Hi Cadete,
On 6/22/2017 10:58 PM, Frederico Cadete wrote:
Hello, I believe commit 260aae9a [1] has introduced a regression for the case of 32-bit process running on a 64-bit kernel. The commit is effectively casting mbuf->buf_physaddr to uintptr_t before dereferencing it. It truncates the physical address to the width of the process's uint, and in the the aforementioned combination this loses important bits. I can confirm this under GDB. When virtqueue_enqueue_xmit is filling in start_dp, I get this result: (gdb) p /x cookie->buf_physaddr $5 = 0x12f94a000 (gdb) p /x start_dp[idx].addr $6 = 0x2f94a080
Now you are testing a virtio-pci device and app is compiled into a 32-bit executable on 64-bit VM system?
On my system, I capture the packet that goes out to the host and I see it has the correct size but the content is all-zeroes.

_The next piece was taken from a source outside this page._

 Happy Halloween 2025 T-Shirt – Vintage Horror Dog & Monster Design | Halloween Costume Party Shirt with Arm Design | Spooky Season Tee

I would like to propose a patch that would work for all supported combinations of user/kernel bitwidth *and* virtio-pci/virtio-user. But I don't really see how that could work, given virtio-user tries to store a physical address in rte_mbuf's "void *buf_addr", and this is not always big enough for a physical address.
virtio-user does not store a physical address in rte_mbuf's "void *buf_addr", instead, it uses this field in rte_mbuf to fill desc's addr which is always 64bit long.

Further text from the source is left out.